Instructions to follow
Beginning with the line that contains "Seattle’s Best Coffee, Breakfast" and ending with the line that contains "CasestudynooneLtLight Font –", reproduce the lines of the entries below exactly, omitting pictures.

•••

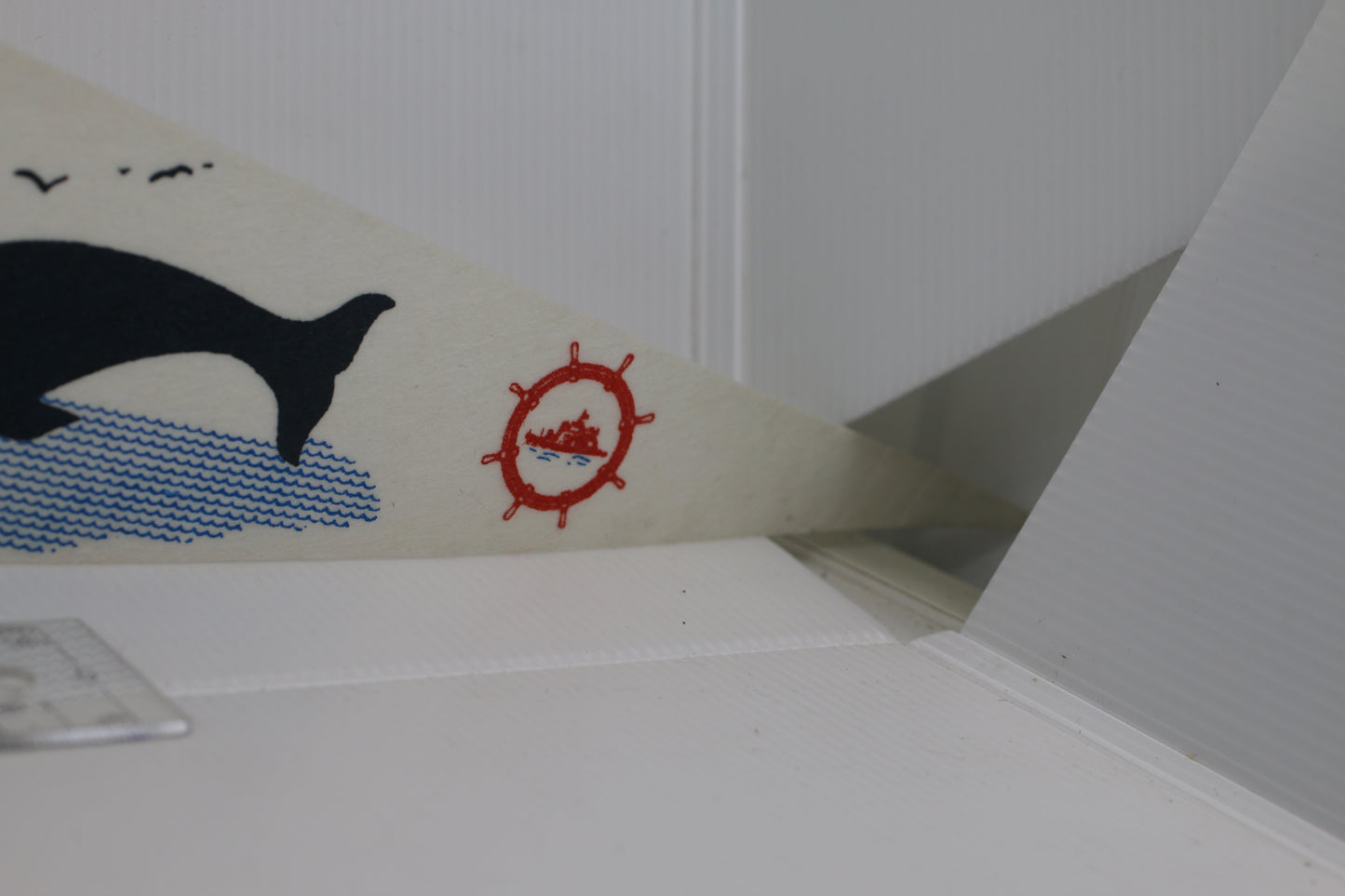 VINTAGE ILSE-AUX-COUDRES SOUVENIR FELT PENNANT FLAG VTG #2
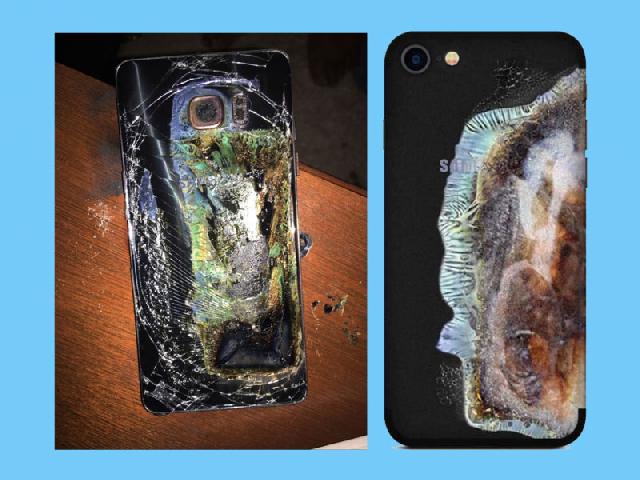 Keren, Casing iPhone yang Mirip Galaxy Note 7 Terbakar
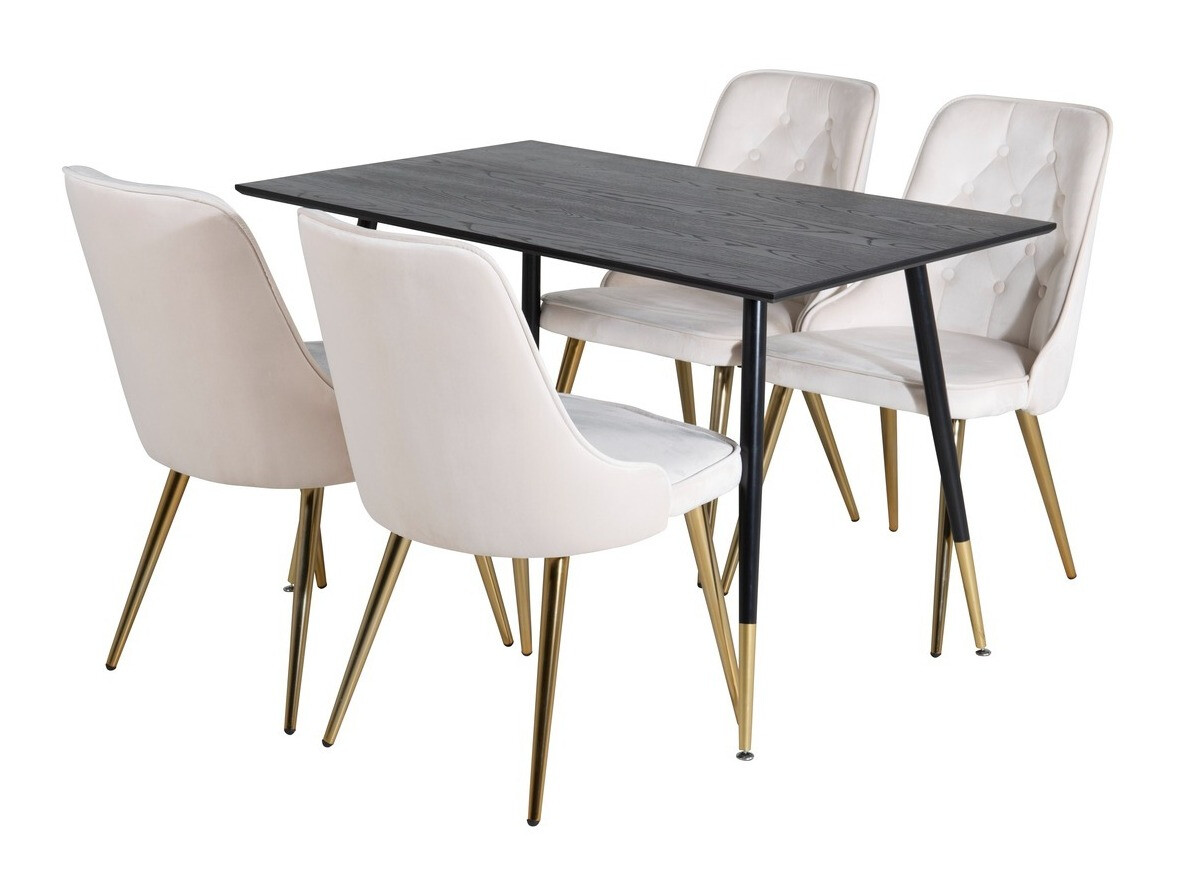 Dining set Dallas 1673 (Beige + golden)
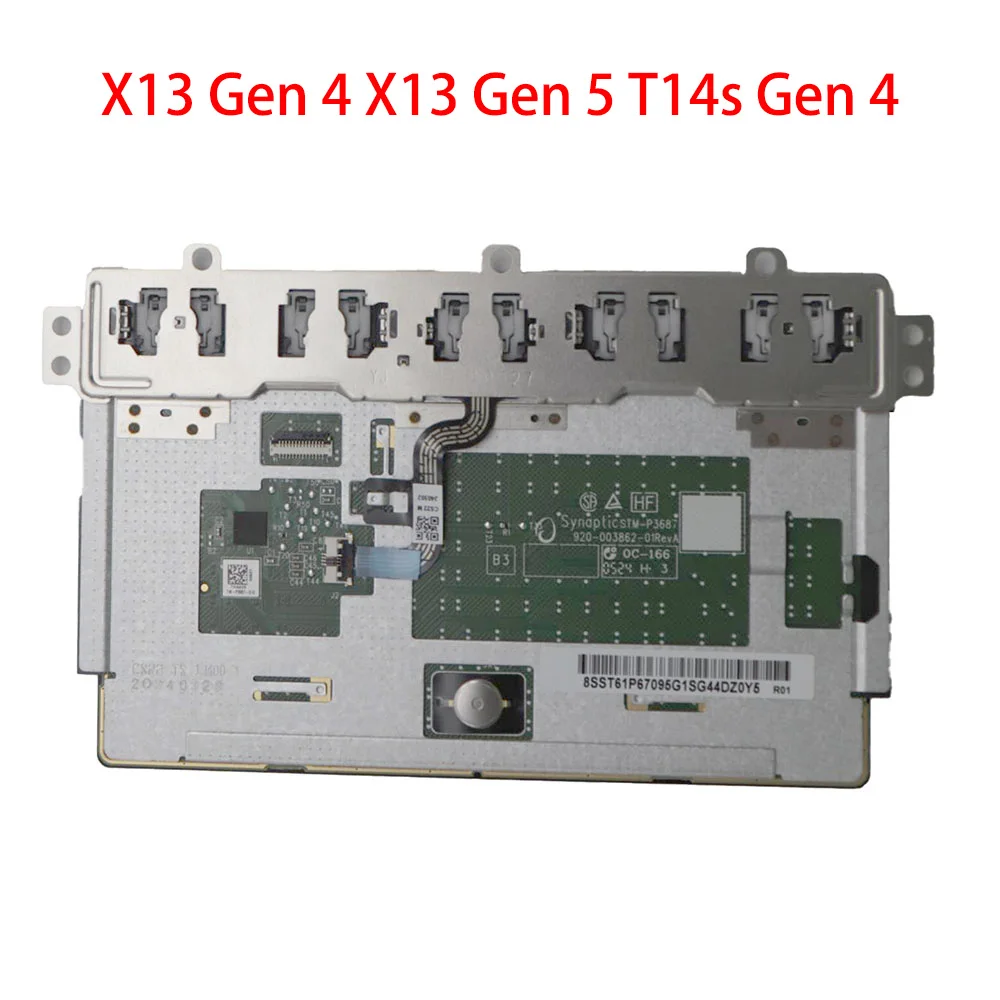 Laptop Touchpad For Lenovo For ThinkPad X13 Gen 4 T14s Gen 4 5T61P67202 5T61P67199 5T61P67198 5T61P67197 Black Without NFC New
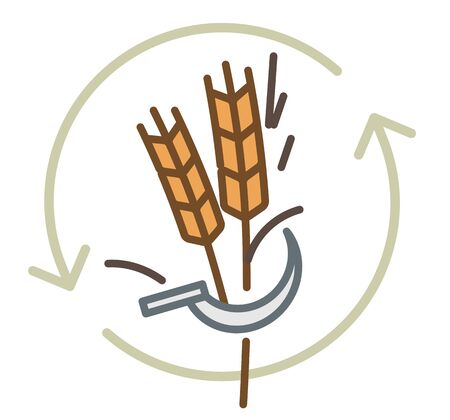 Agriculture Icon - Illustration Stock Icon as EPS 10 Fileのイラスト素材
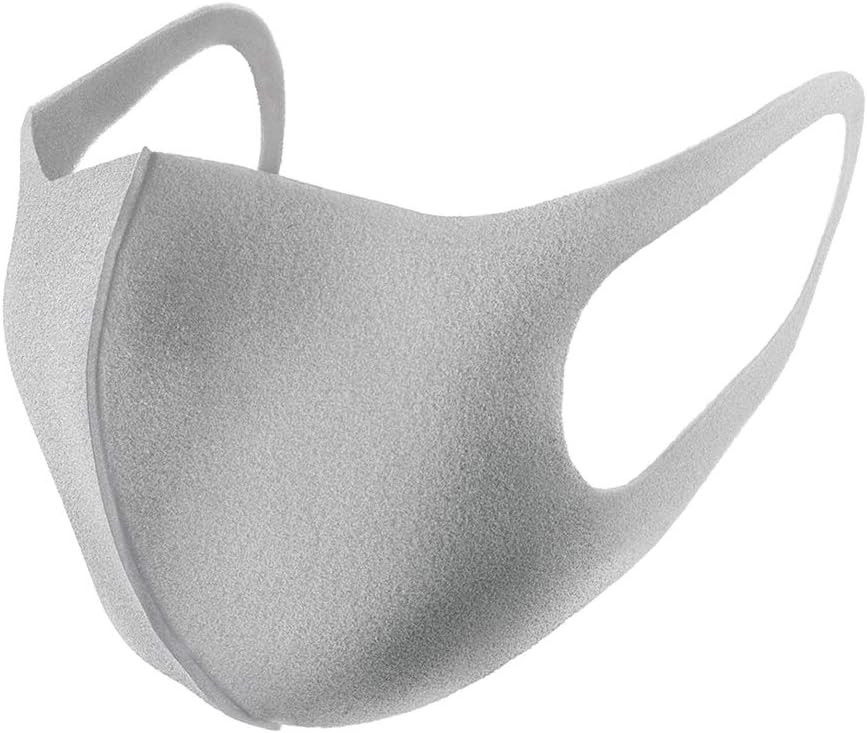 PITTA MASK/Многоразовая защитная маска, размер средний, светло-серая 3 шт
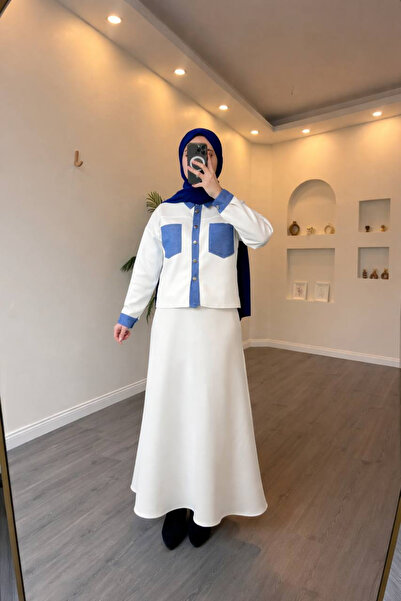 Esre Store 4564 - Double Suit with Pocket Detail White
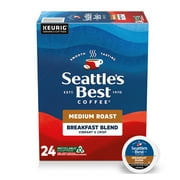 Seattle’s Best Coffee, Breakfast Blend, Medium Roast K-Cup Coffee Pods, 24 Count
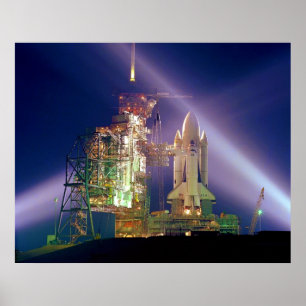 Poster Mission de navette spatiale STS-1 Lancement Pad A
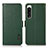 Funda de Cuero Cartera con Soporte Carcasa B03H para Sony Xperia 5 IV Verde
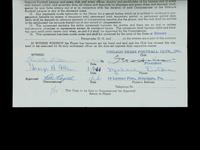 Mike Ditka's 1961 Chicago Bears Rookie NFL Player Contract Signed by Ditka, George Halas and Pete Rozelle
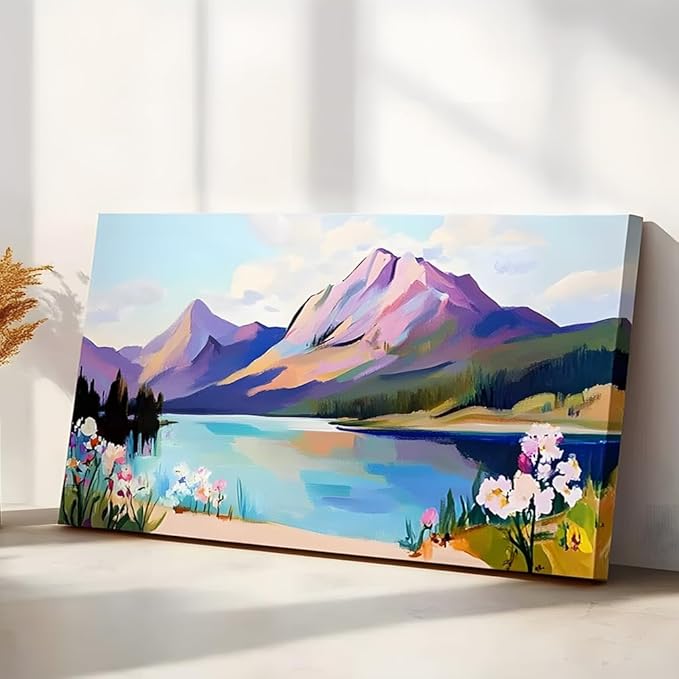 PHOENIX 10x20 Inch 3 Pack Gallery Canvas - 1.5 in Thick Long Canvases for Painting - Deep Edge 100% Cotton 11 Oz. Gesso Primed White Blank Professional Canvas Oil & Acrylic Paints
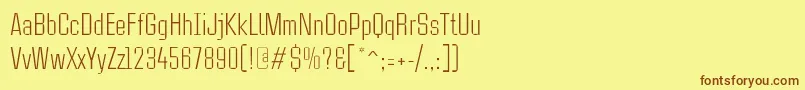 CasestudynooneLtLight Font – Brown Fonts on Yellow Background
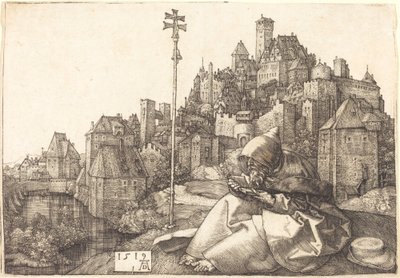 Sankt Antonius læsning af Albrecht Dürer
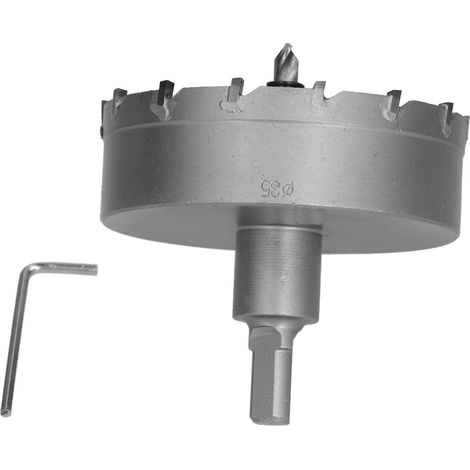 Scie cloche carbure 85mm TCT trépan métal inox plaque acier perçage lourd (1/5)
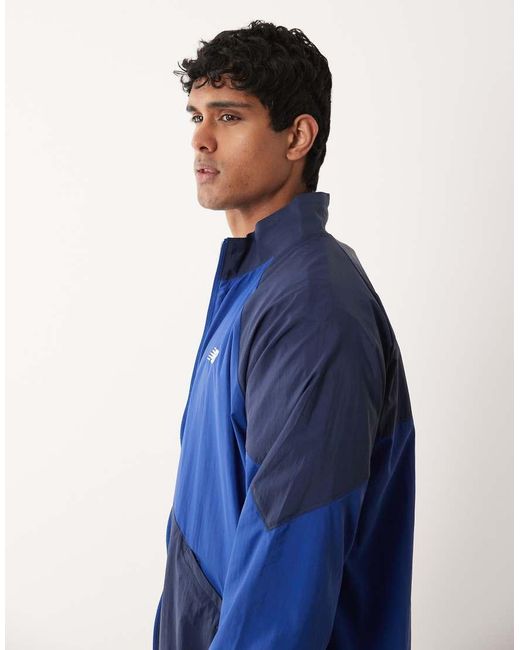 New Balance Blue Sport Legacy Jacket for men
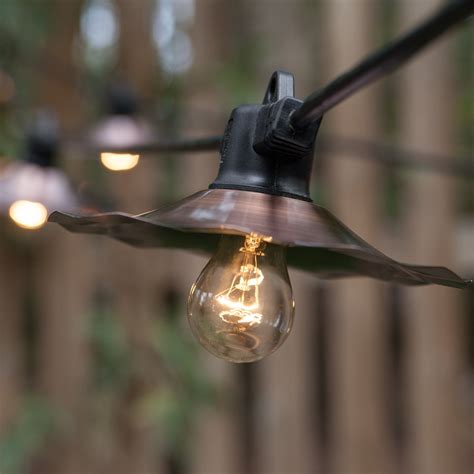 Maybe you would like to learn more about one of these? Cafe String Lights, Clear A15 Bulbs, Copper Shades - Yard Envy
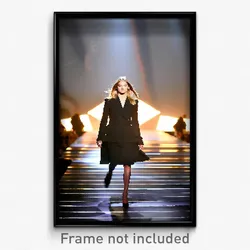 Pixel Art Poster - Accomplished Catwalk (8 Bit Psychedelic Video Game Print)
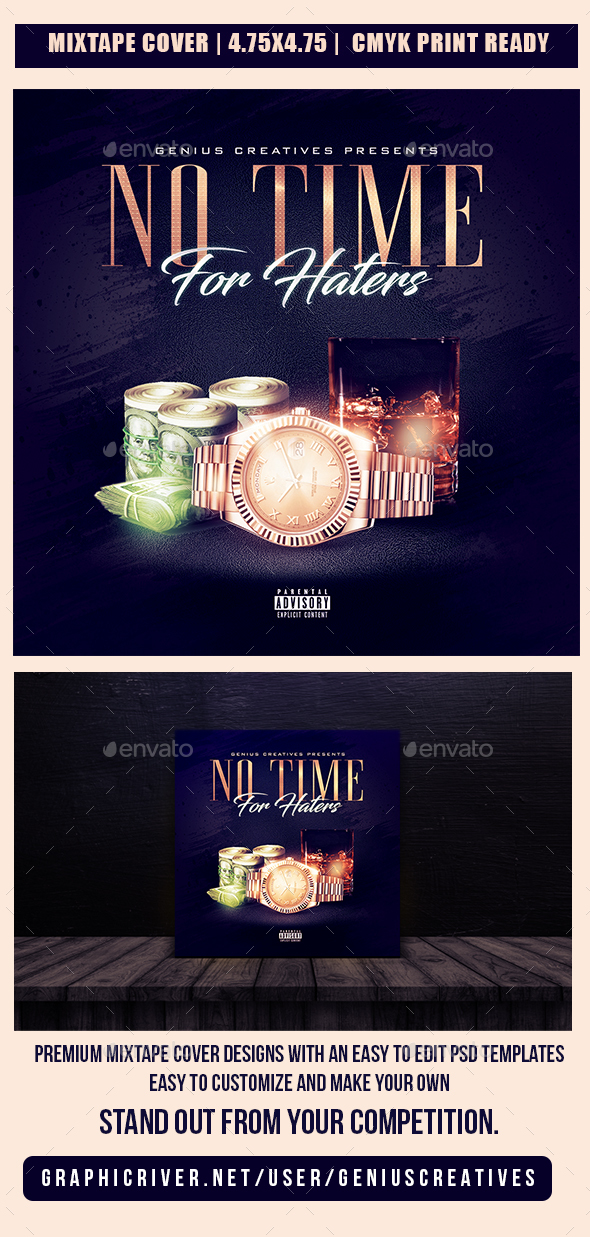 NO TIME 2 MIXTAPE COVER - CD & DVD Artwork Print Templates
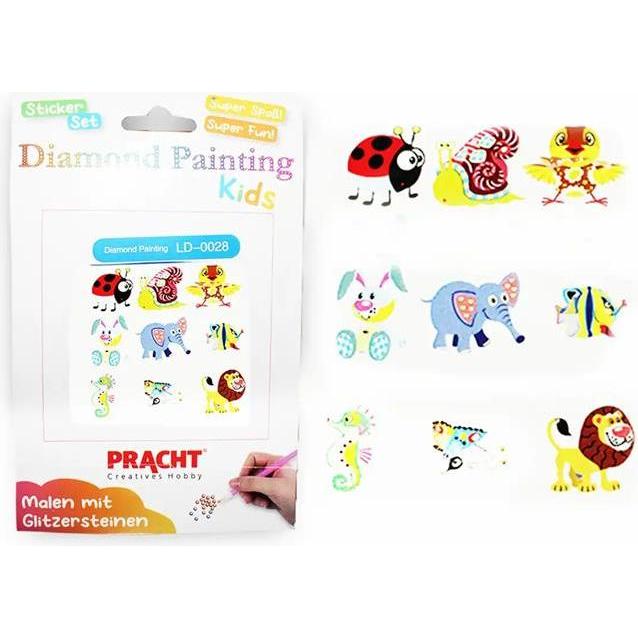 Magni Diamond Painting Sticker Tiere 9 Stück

•••

Result for this task
 Seattle’s Best Coffee, Breakfast Blend, Medium Roast K-Cup Coffee Pods, 24 Count
 Poster Mission de navette spatiale STS-1 Lancement Pad A
 Funda de Cuero Cartera con Soporte Carcasa B03H para Sony Xperia 5 IV Verde
 Mike Ditka's 1961 Chicago Bears Rookie NFL Player Contract Signed by Ditka, George Halas and Pete Rozelle
 PHOENIX 10x20 Inch 3 Pack Gallery Canvas - 1.5 in Thick Long Canvases for Painting - Deep Edge 100% Cotton 11 Oz. Gesso Primed White Blank Professional Canvas Oil & Acrylic Paints
 CasestudynooneLtLight Font – Brown Fonts on Yellow Background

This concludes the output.